Police take things up a notch in old Nicosia

The main aim of the stepped up patrols is to curb illegal immigration and reduce crime

Armed police in convoys of patrol cars and motorcycles poured into the narrow streets of Nicosia’s old city over the weekend as onlookers registered surprise at the scale of the beefed-up security presence.

One Cypriot man in his mid-20s left his seat at a roadside bar to cautiously approach one of the police motorcycle riders. “Excuse me, what are so many of you doing here?” he asked politely.  “To stop foreigners (migrants) from killing each other,” was the reply.

Looking relieved, the young man returned to his friends saying: “It’s ok, it doesn’t look like they’re out to catch drink drivers.” He had just finished his third pint of lager.

While many opinions on social media have been critical of the new measures, businesses in the old city largely welcomed the increased police patrols on Monday, although many said it would be better if there were more visible patrols done on foot.

Others expressed outrage, with one person saying  on social media that “old #Nicosia becoming like a fascist state.”

“Just so we’re all on the same page, these patrols are the beginning of a racist, far-right populist movement by #Cyprus’ ruling Disy, much like the ones we’ve seen sweep the developed world,” said another person on social media.

Speaking to small business and shop owners in Ledra and Onasagorou Streets painted a different picture however.

“I fully support these measures, it should have happened a long time ago. I’m a taxpayer and my money goes to the police to keep the streets safe,” said the owner of a kiosk overlooking Eleftheria Square.

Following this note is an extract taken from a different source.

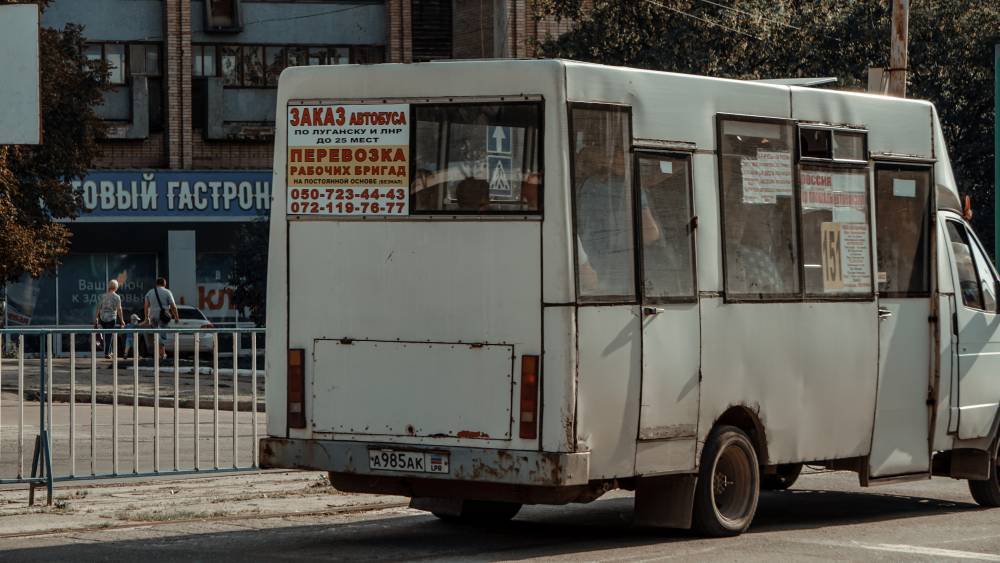 Украинцы забросали камнями автобусы с эвакуированными из Китая местными жителями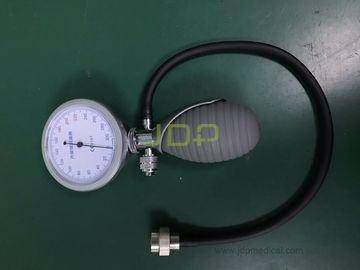 اختبار التسرب اليدوي لـ Olympus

A shop owner in Regina Street, a former policeman from Romania, voiced his firm support for the idea behind the police patrols.

“Police have to give out two different feelings: one of protection and safety, and the other of fear,” he said.

“For the good people you will feel safe and know you’re protected, but if you’ve done something wrong you should feel terror,” he explained.

He thought the measures did not go far enough.

“But the problem is that they’re in cars. I see something wrong, how can I tell the police when they’re driving past? And the three seconds they drive past, what will they see? They have to be on foot,” he went on.

“Ultimately yes, it’s a trade-off. You’re giving up some freedom for security, but we need to do it,” he concluded.

Many of the shopkeepers expressed frustration at the large numbers of immigrants in recent years, saying that the character of the old town has changed.

But migrants were also among those who welcomed the police presence.

“If there is one thing I love about Cyprus it’s that there is peace and security,” a student from Cameroon, waiting for a bus at Solomou Square, said. “There’s no violence because you see police every five minutes, this gives security for the immigrants too.”

Nicosia has witnessed some high-profile incidents in the last few months. Most notable was the attempted murder case at an Engomi nightclub in November, where two Syrians were shot.

In October a man was stabbed in broad daylight at Solomou bus station at around 11:30am.

A woman in her 70s, whose house is adjacent to the buffer zone, said she welcomed the increased police presence. “It makes us more secure. The migrants are fine but there are a couple of local boys at the end of the road who cause trouble.”

Police have been reluctant to comment on the situation, instead referring back to the justice ministry’s announcement last week.